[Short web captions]
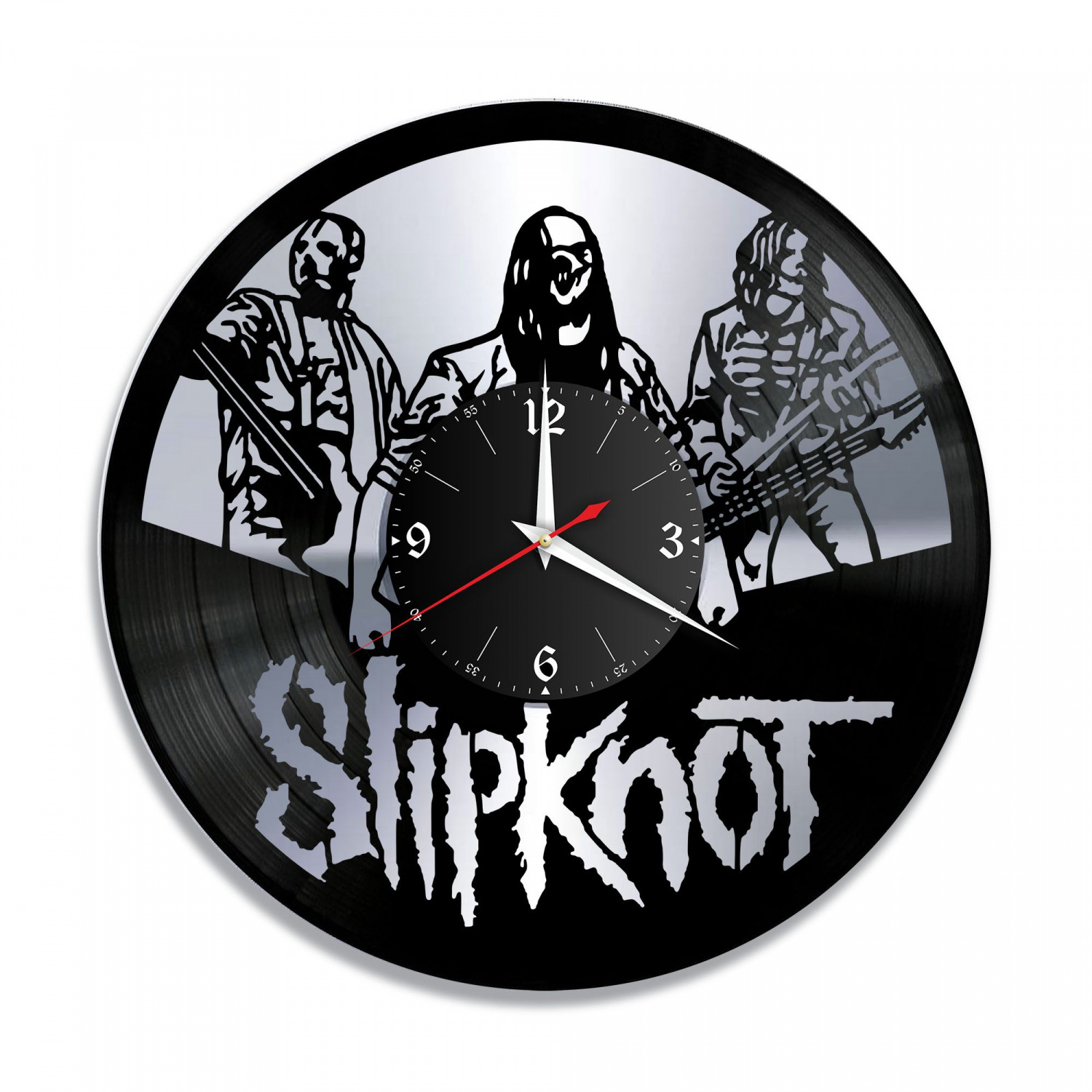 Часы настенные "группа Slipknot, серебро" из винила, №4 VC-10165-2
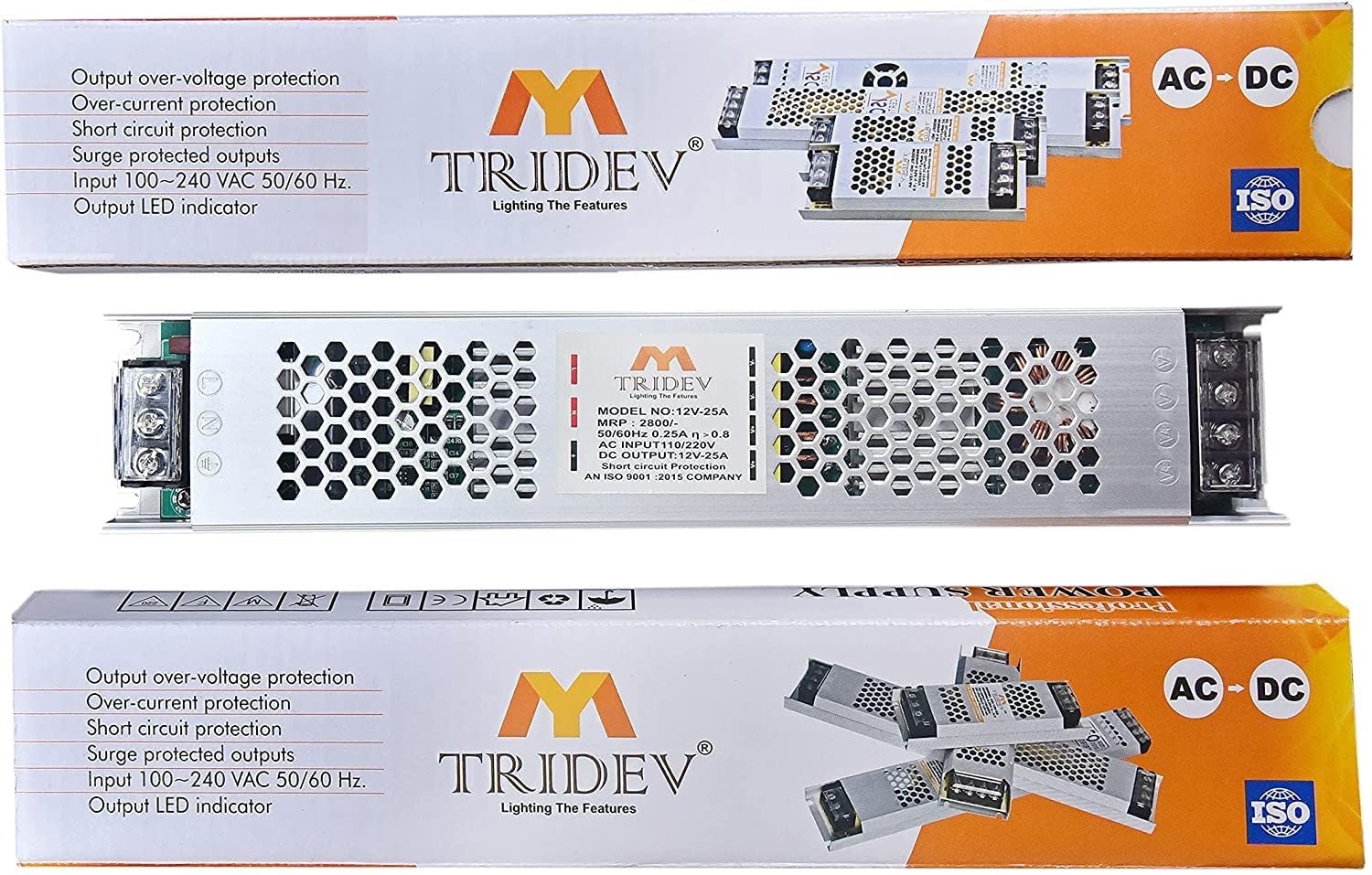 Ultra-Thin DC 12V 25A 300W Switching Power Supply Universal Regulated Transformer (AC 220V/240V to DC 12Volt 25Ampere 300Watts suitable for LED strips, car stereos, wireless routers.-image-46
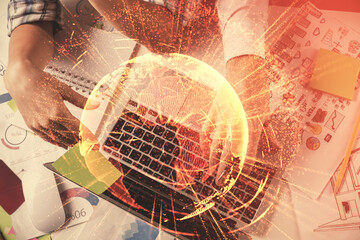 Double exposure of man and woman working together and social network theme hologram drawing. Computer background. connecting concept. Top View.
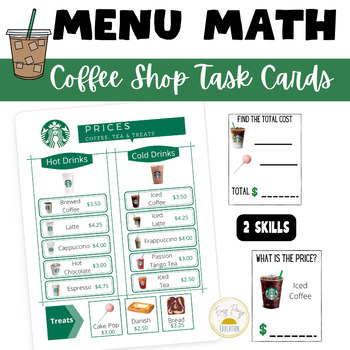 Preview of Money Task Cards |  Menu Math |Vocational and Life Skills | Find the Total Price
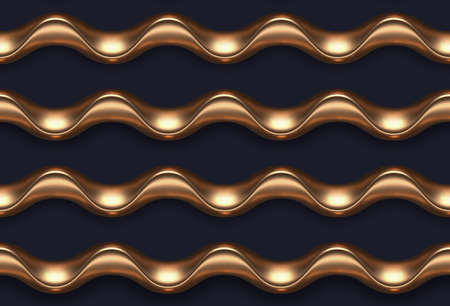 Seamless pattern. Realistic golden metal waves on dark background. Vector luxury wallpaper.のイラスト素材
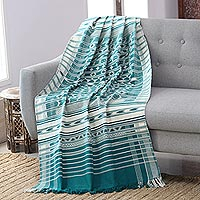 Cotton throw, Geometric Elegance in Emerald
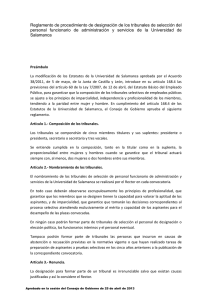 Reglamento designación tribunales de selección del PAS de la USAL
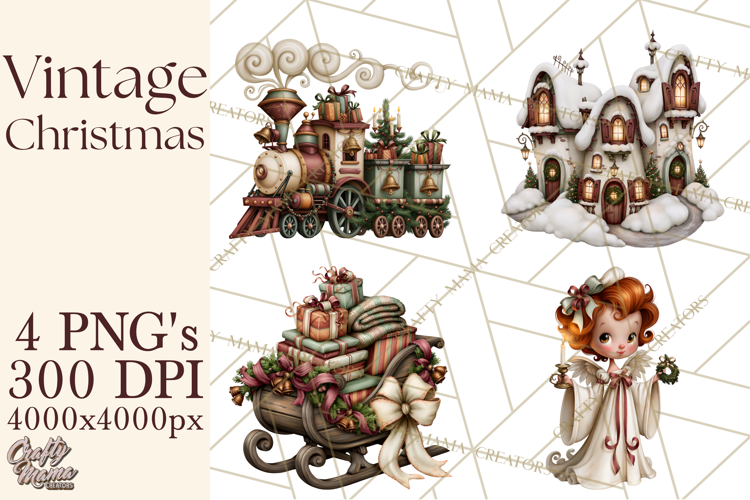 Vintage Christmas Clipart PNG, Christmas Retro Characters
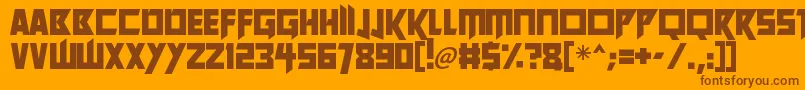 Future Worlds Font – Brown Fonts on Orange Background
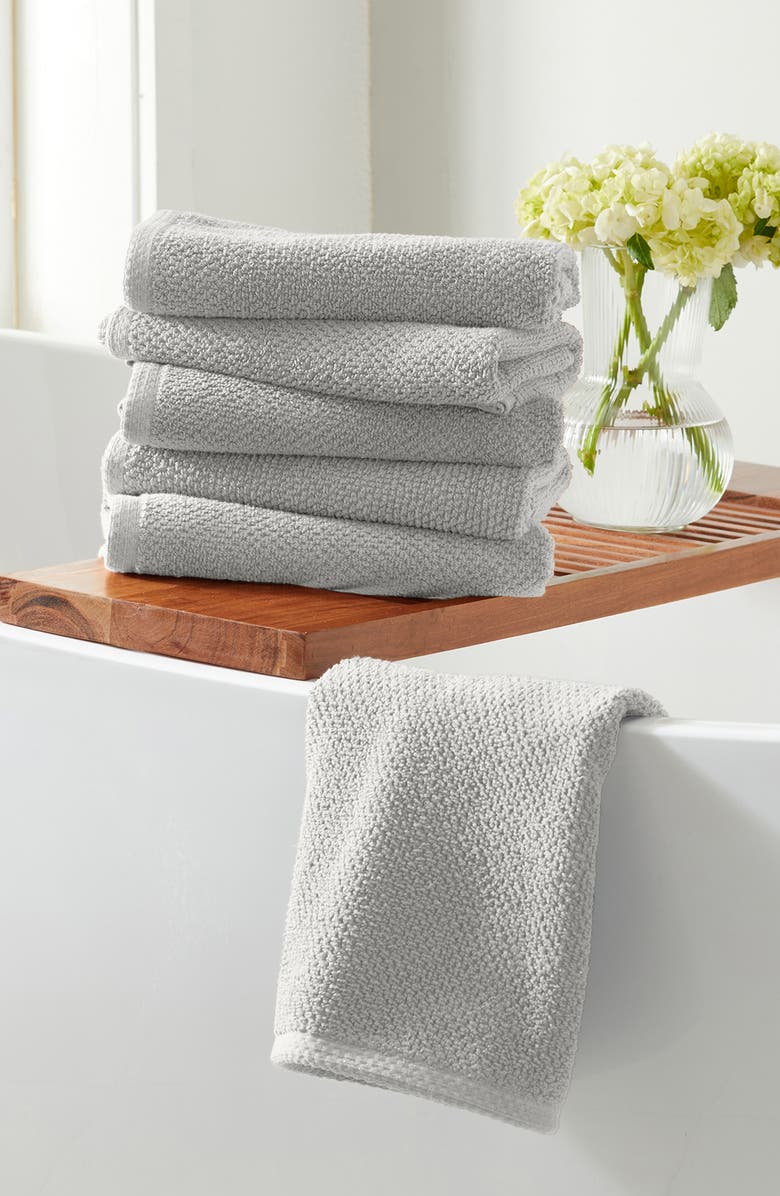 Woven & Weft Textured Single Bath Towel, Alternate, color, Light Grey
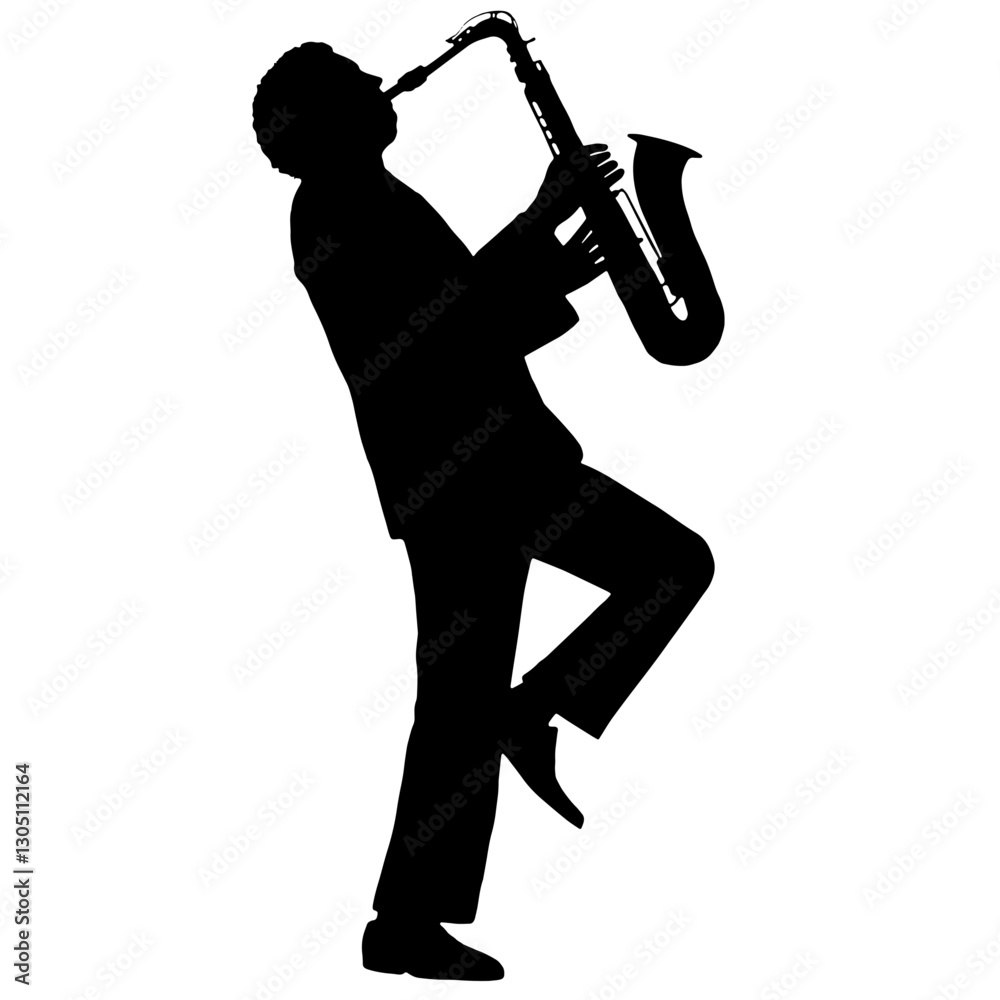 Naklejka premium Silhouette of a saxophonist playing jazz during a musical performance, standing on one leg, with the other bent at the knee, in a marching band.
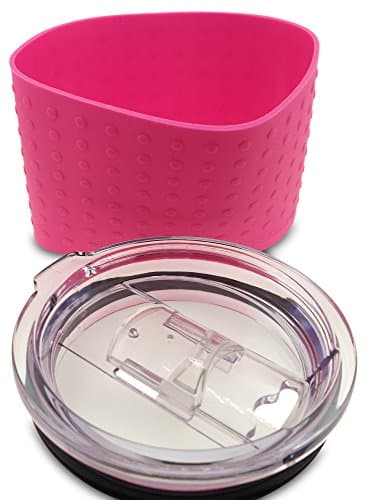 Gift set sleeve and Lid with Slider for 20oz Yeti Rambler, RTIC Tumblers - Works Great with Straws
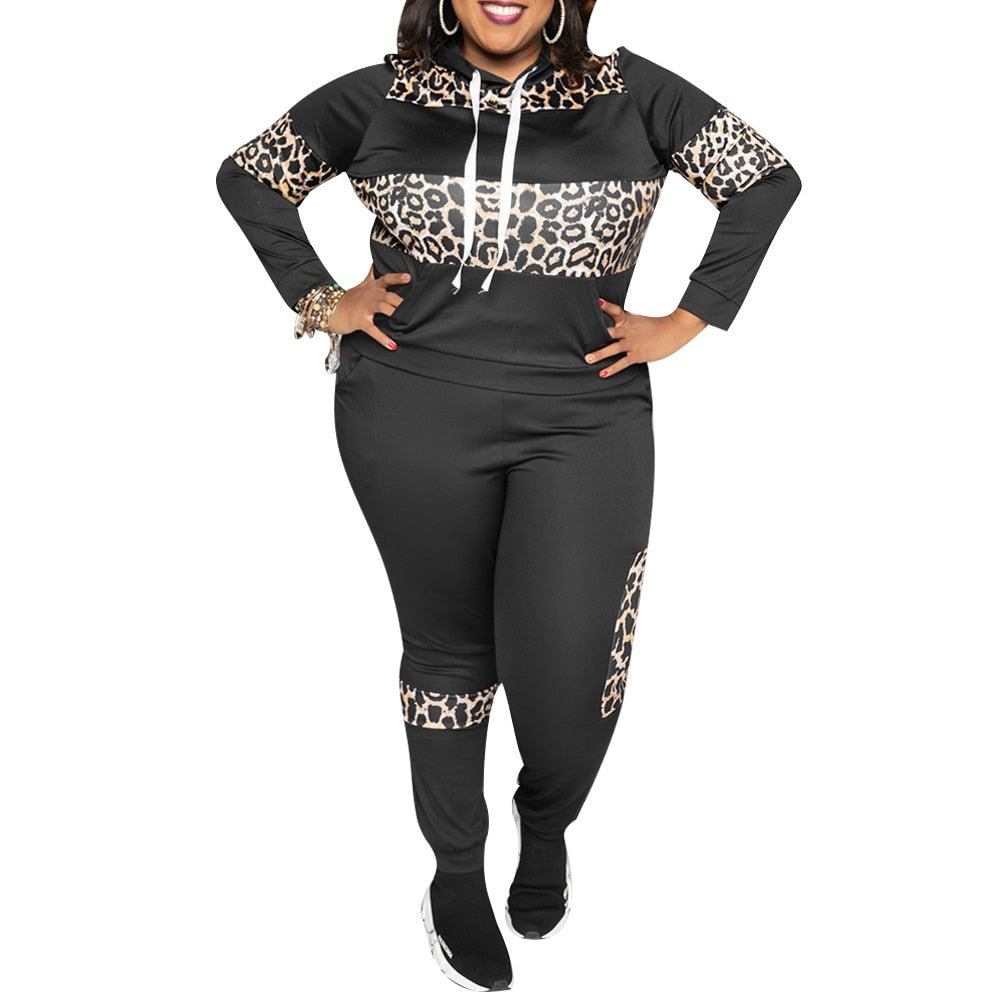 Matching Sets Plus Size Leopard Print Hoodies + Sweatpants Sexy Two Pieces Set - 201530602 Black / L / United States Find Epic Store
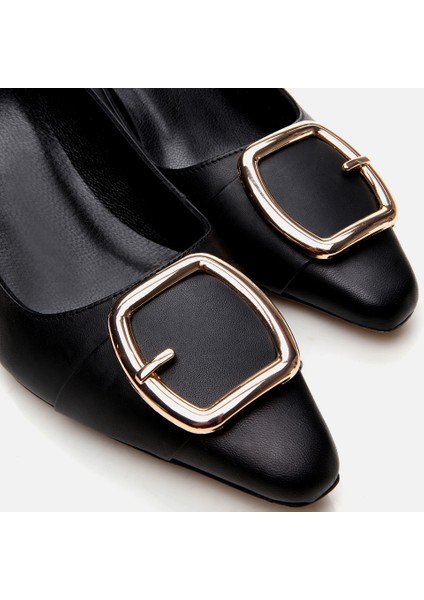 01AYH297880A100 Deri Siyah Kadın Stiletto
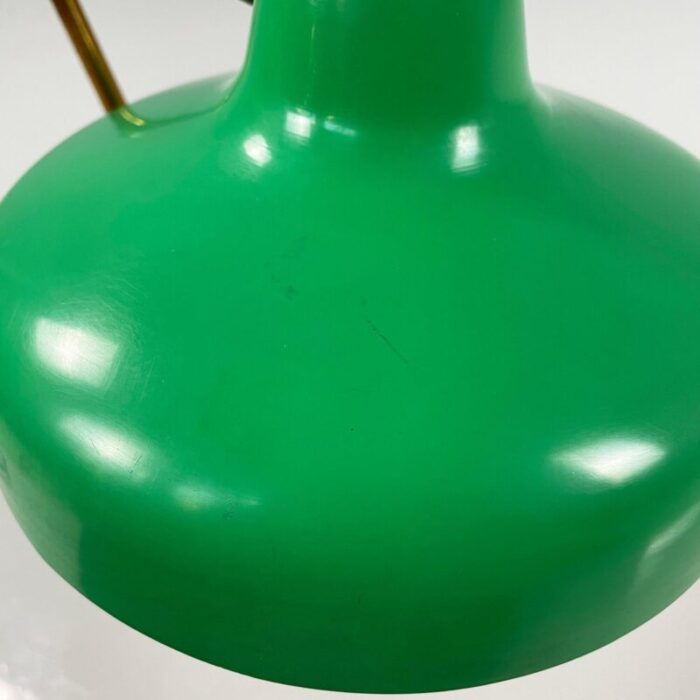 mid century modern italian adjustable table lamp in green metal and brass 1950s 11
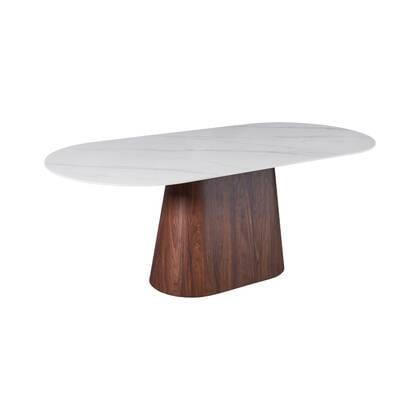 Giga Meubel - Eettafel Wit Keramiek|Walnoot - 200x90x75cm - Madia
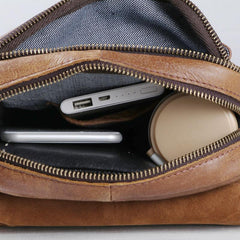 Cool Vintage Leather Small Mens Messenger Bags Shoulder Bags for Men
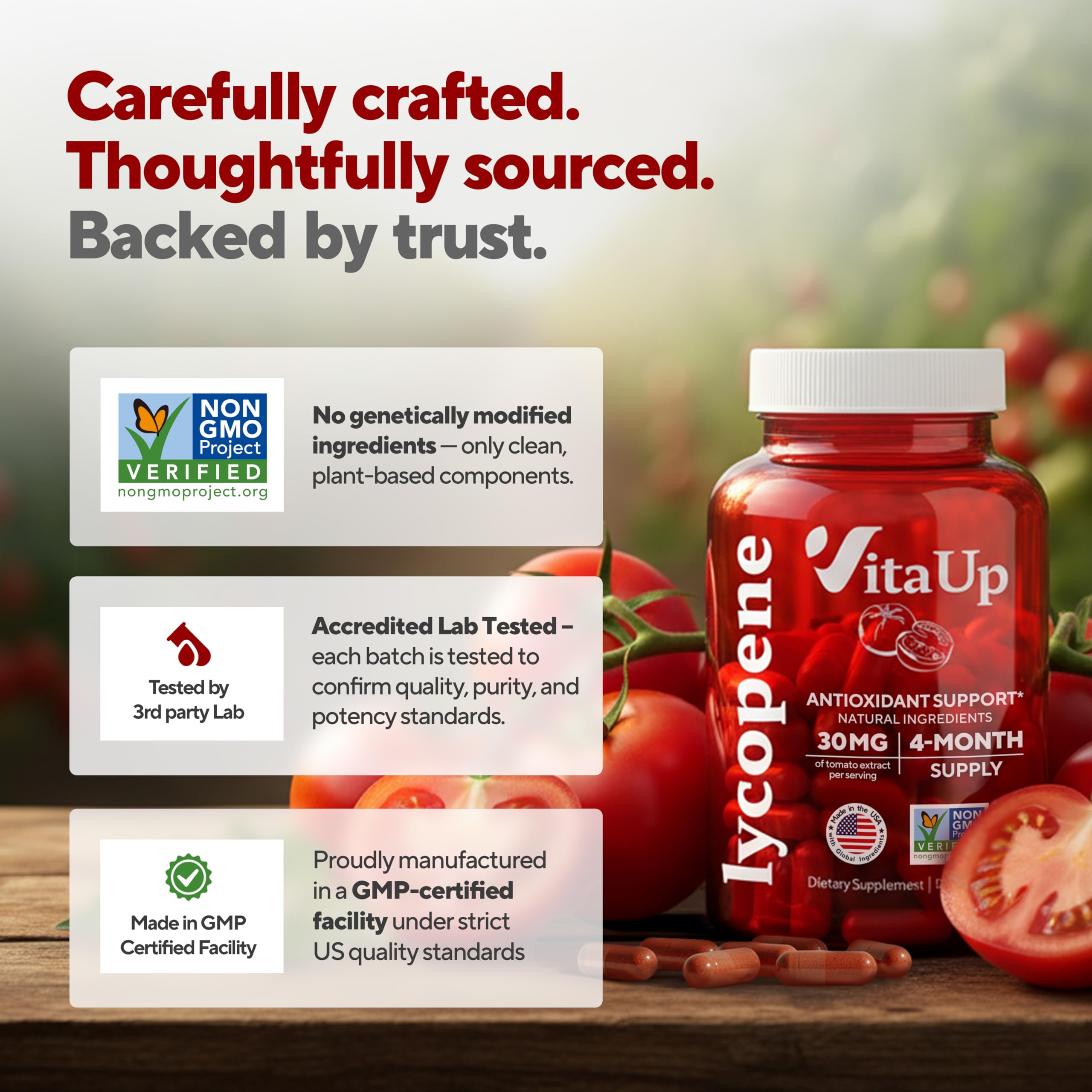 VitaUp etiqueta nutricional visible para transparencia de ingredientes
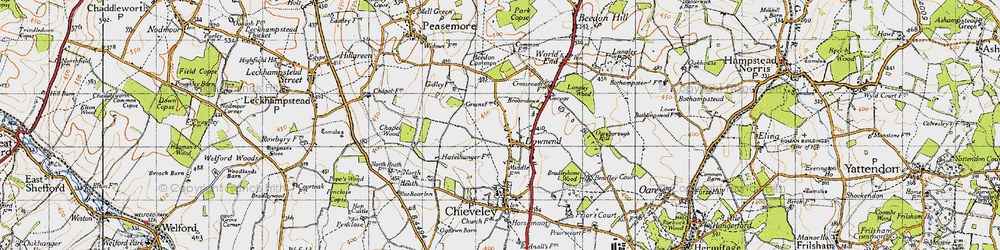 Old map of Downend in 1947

*What to work on:*
Looking at the records above, extract only the lines from the one with "mid century modern" through the last line, exactly, with the pictures left out.

*Written solution:*
 mid century modern italian adjustable table lamp in green metal and brass 1950s 11
 Giga Meubel - Eettafel Wit Keramiek|Walnoot - 200x90x75cm - Madia
 Cool Vintage Leather Small Mens Messenger Bags Shoulder Bags for Men
 VitaUp etiqueta nutricional visible para transparencia de ingredientes
 Old map of Downend in 1947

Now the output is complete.